Culture, literature & national institutions
Bangladesh's cultural heritage, literary canon and national institutions—from Tagore and Nazrul to Bangla Academy, Shilpakala and UNESCO recognitions—mapped for BCS preliminary and
The Bengali literary canon
Bangladeshi cultural identity is anchored in the Bengali language and its literature, a body of work the BCS treats as core general-knowledge territory. The oldest specimen of Bengali literature is the Charyapada, a collection of Buddhist mystic songs composed roughly between the 8th and 12th centuries, discovered by Haraprasad Shastri in the Nepal Royal Court Library in 1907 and published in 1916. Medieval Bengali literature produced the Mangalkavya tradition, Chandidas's Vaishnava lyrics, and Alaol's Padmavati (17th century, Arakan court).
The modern canon is dominated by two towering figures whom candidates must distinguish precisely. Rabindranath Tagore (1861–1941) won the Nobel Prize in Literature in 1913 for Gitanjali, the first non-European laureate; his composition Amar Sonar Bangla (written 1905, during the anti-partition agitation of Bengal) was adopted as Bangladesh's national anthem. Kazi Nazrul Islam (1899–1976), the Bidrohi Kobi (Rebel Poet) whose poem Bidrohi appeared in 1922, was brought to Dhaka in 1972 and declared the national poet; he died on 29 August 1976 and is buried beside Dhaka University mosque.

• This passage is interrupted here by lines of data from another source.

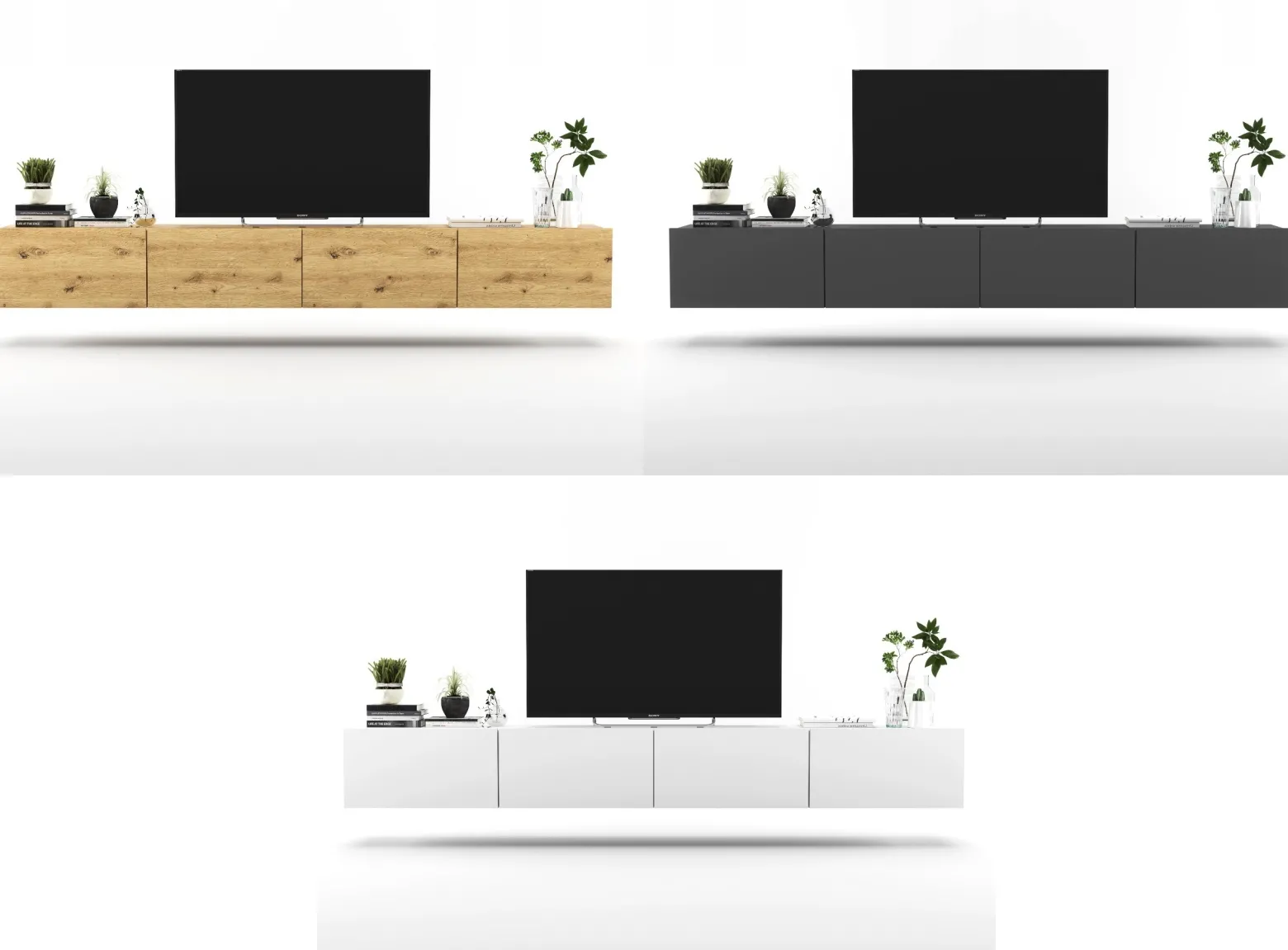 Szafka RTV Loft wisząca grafit komoda RTV Loft 240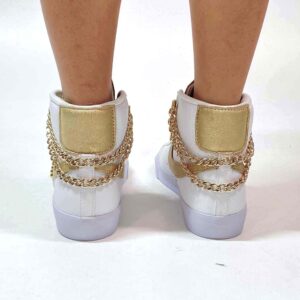 Nike Blazer Customized Swoosh Catene, Borchie Oro e Lacci Raso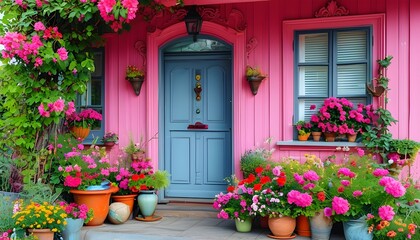 Wall Mural - Charming entrance of a pink house featuring an ornate door, embraced by vibrant flowers and potted plants, radiating warmth and invitation.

Builders of Bengali prose and verse
Michael Madhusudan Dutta (1824–1873) pioneered the Bengali sonnet and blank verse with Meghnad Badh Kavya (1861). Bankim Chandra Chattopadhyay wrote the first major Bengali novel, Durgeshnandini (1865), and Anandamath (1882), containing Vande Mataram. Among figures more specifically tied to East Bengal/Bangladesh: Begum Rokeya Sakhawat Hossain (1880–1932), pioneer of Muslim women's education and author of Sultana's Dream (1905); Jasimuddin (1903–1976), the Polli Kobi (folk poet) of Nakshi Kanthar Math (1929); Shamsur Rahman (1929–2006), the leading poet of the Liberation generation; and Jahanara Imam (1929–1994), whose memoir Ekattorer Dingulee (1986) gave the 1971 war its enduring civilian voice and who led the 1992 Gana Adalat against war criminals.

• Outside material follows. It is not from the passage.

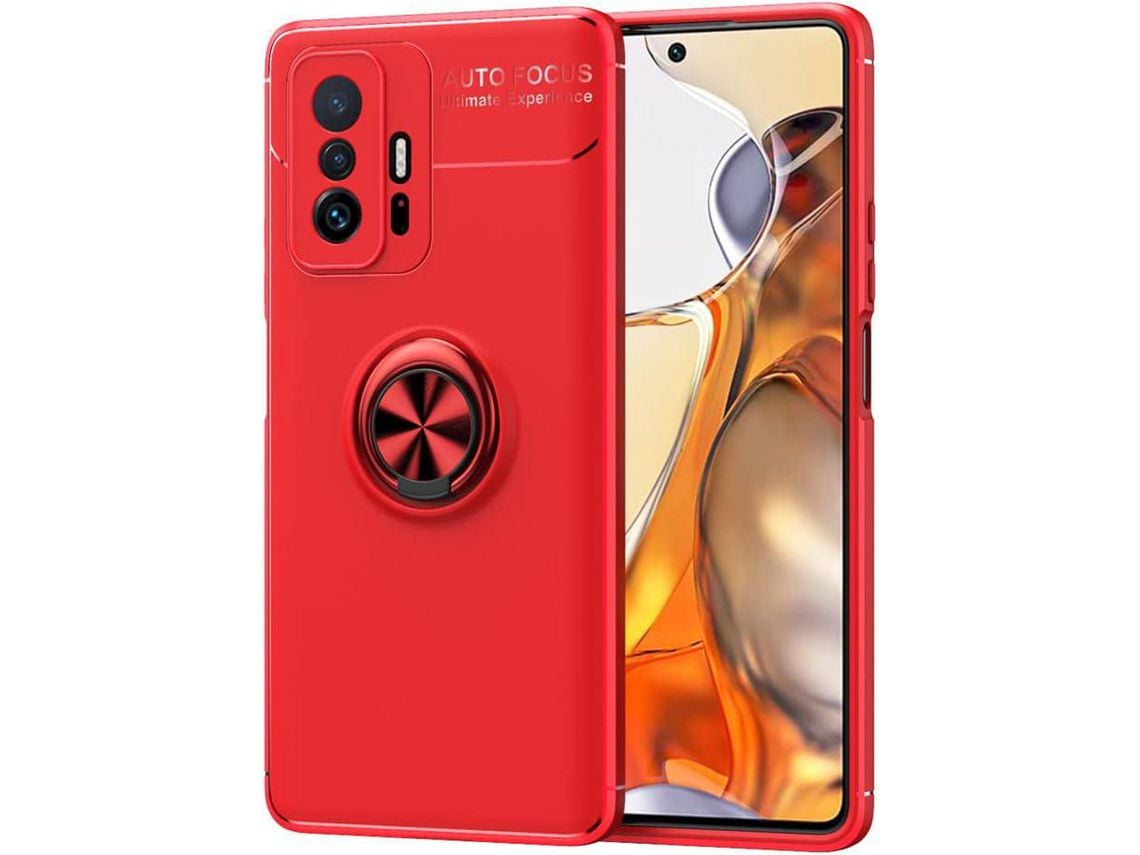 Capa para Xiaomi 11T HONGWE. com Anel de Suporte Prateado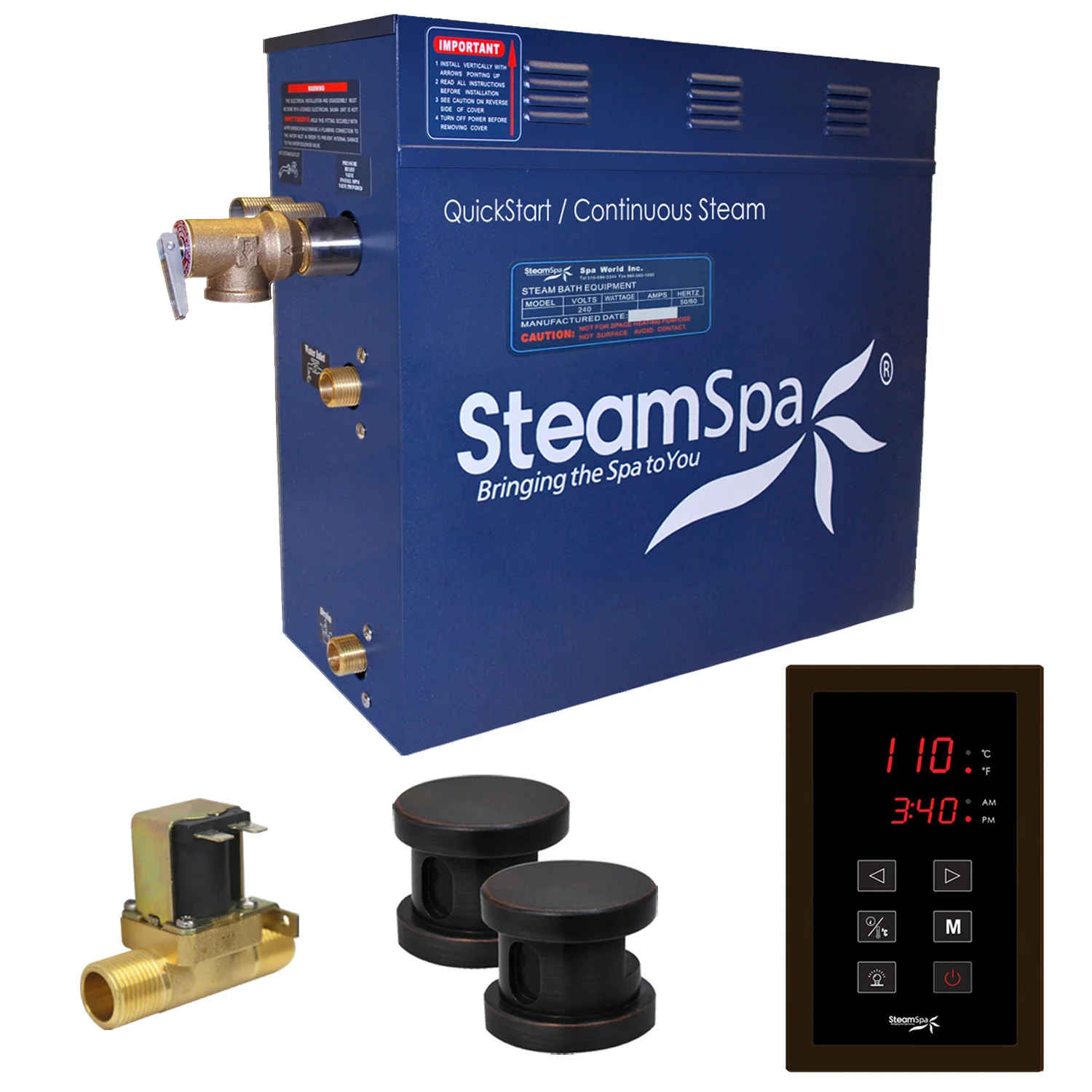Oasis Series Steam Bath Generator with Continuous Steam, Quick Start, and Auto Drain Technology - Image 15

Folk traditions and intangible heritage
Bangladesh's folk culture carries formal international recognition that BCS questions exploit. UNESCO inscribed the Baul songs of Lalon Shah's mystic tradition on the Representative List of Intangible Cultural Heritage in 2008; Jamdani weaving of Dhaka in 2013; Mangal Shobhajatra, the Pohela Boishakh procession originating at Dhaka University's Faculty of Fine Arts in 1989, in 2016; and the art of Shital Pati weaving of Sylhet in 2017. The Sundarbans (1997) and the ruins of the Buddhist Vihara at Paharpur (Somapura Mahavihara, 1985) and the Mosque City of Bagerhat (Sixty Dome Mosque, 1985) are UNESCO World Heritage Sites. Pohela Boishakh (14 April) and the Ekushey (21 February) observances are the twin pillars of the national cultural calendar, the latter recognised by UNESCO as International Mother Language Day from 1999.